Exercise prompt:
Could you restate the data word for word and drop the pictures?

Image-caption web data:
"""

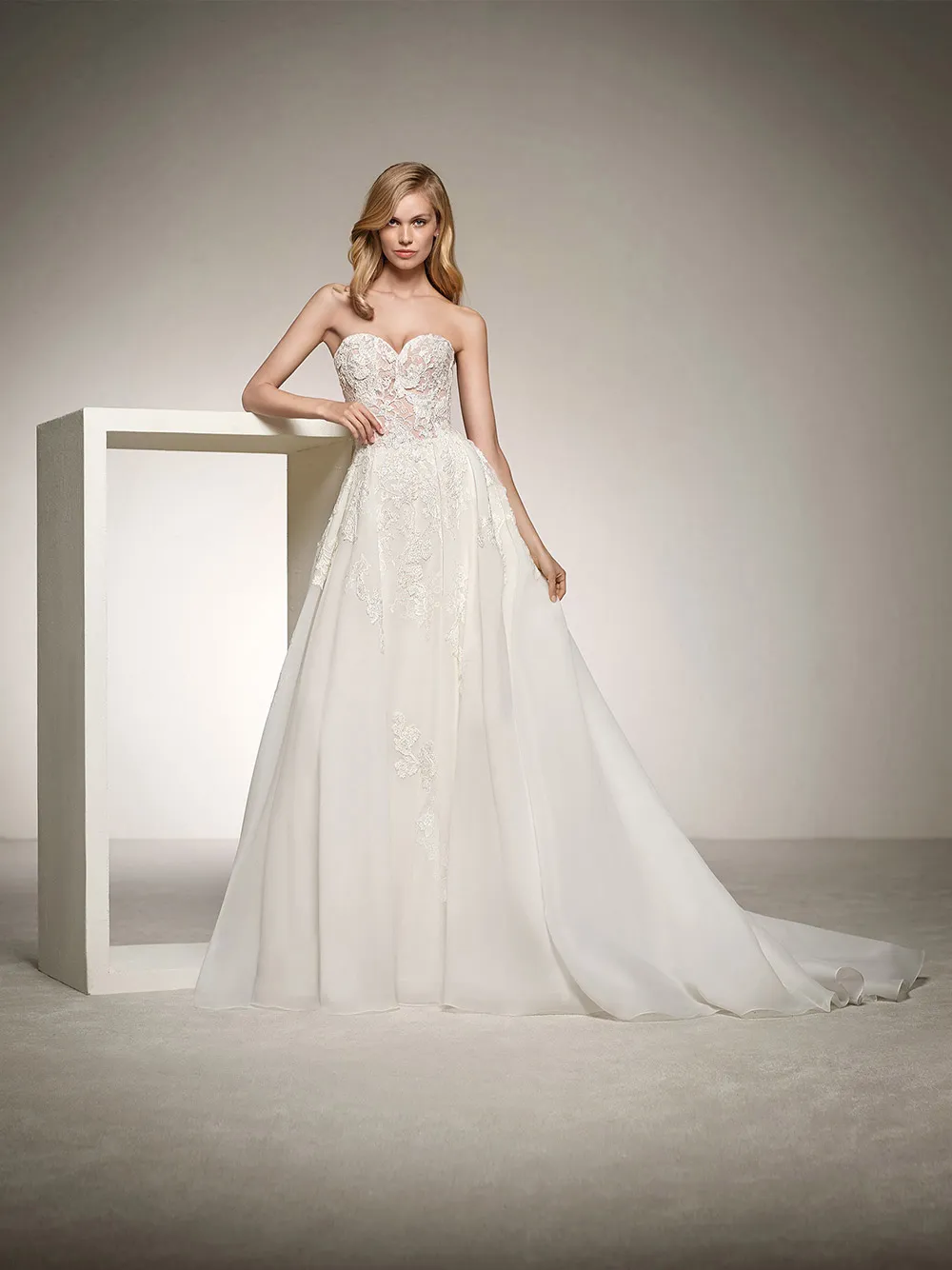Dinara - Pronovias 2018 Bridal Collection. theweddingnotebook.com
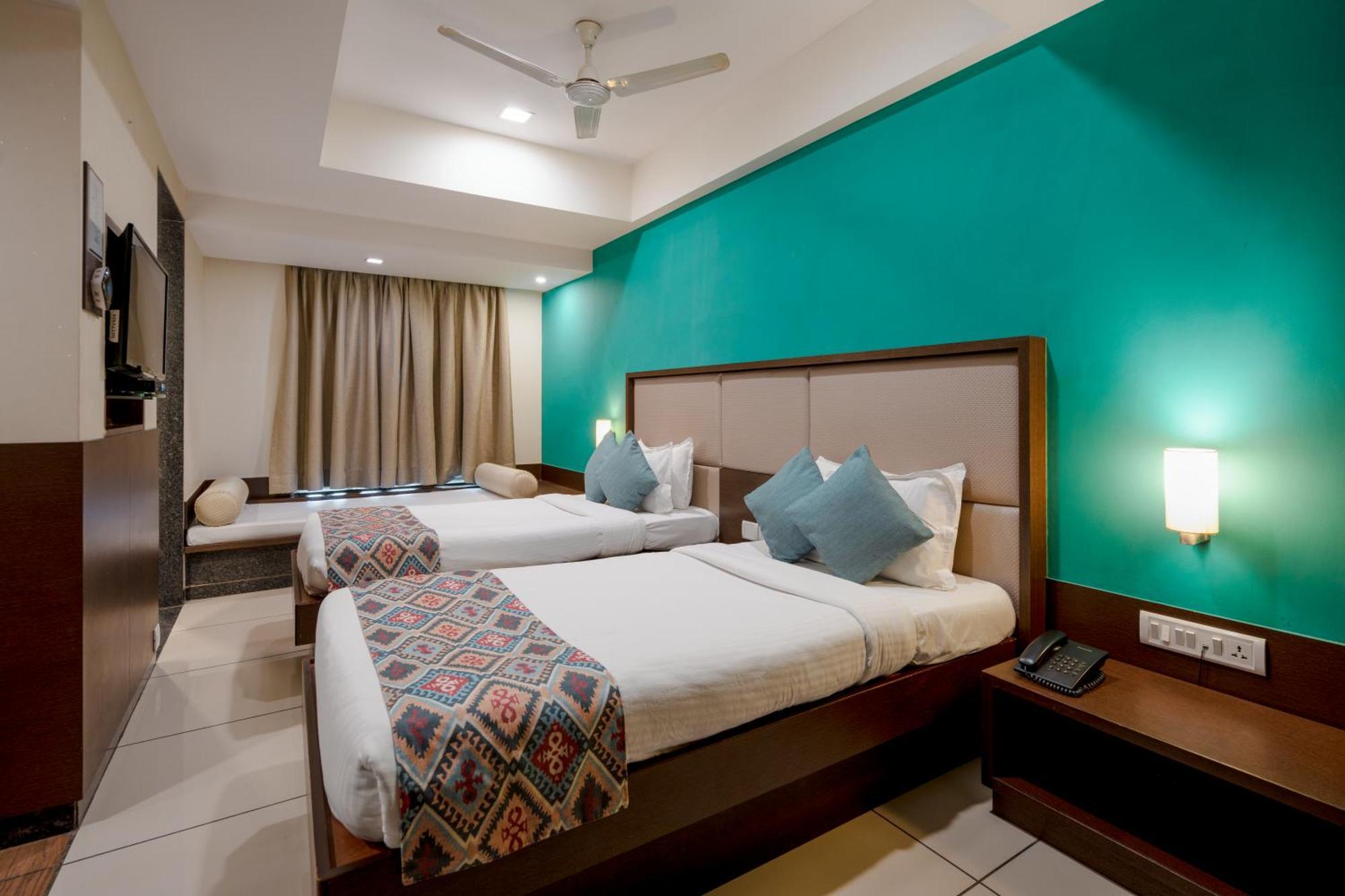 Gcc Hotel And Club Mira-Bhayandar Экстерьер фото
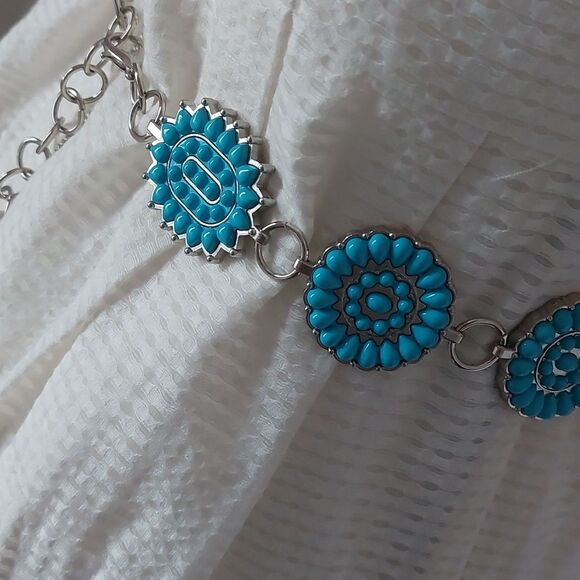 Faux Turquoise Silver Tone Round Conch Linked Metal Waist Belt - Picture 6 of 8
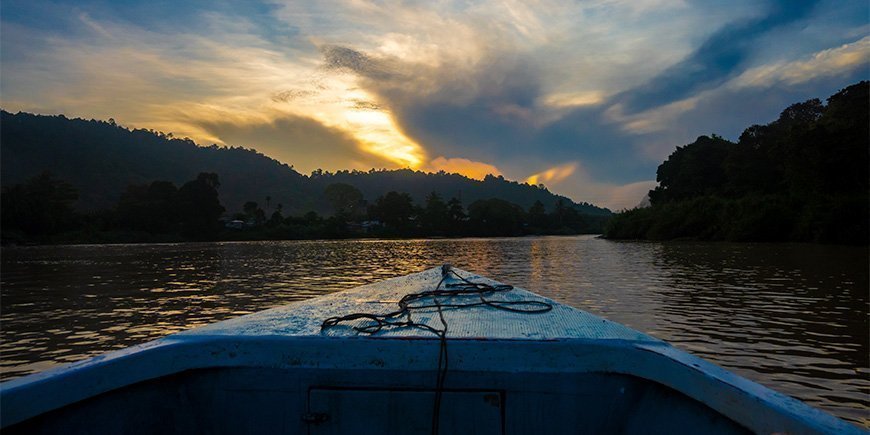 Veneretki Kinabatangan-joella auringonnousun aikaan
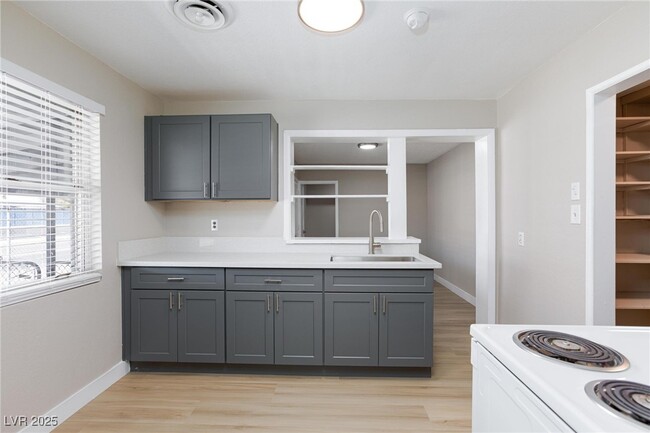 Building Photo - 1300 E Nelson Ave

"""

Answer to this task:
Dinara - Pronovias 2018 Bridal Collection. theweddingnotebook.com
 Gcc Hotel And Club Mira-Bhayandar Экстерьер фото
 Faux Turquoise Silver Tone Round Conch Linked Metal Waist Belt - Picture 6 of 8
 Veneretki Kinabatangan-joella auringonnousun aikaan
 Building Photo - 1300 E Nelson Ave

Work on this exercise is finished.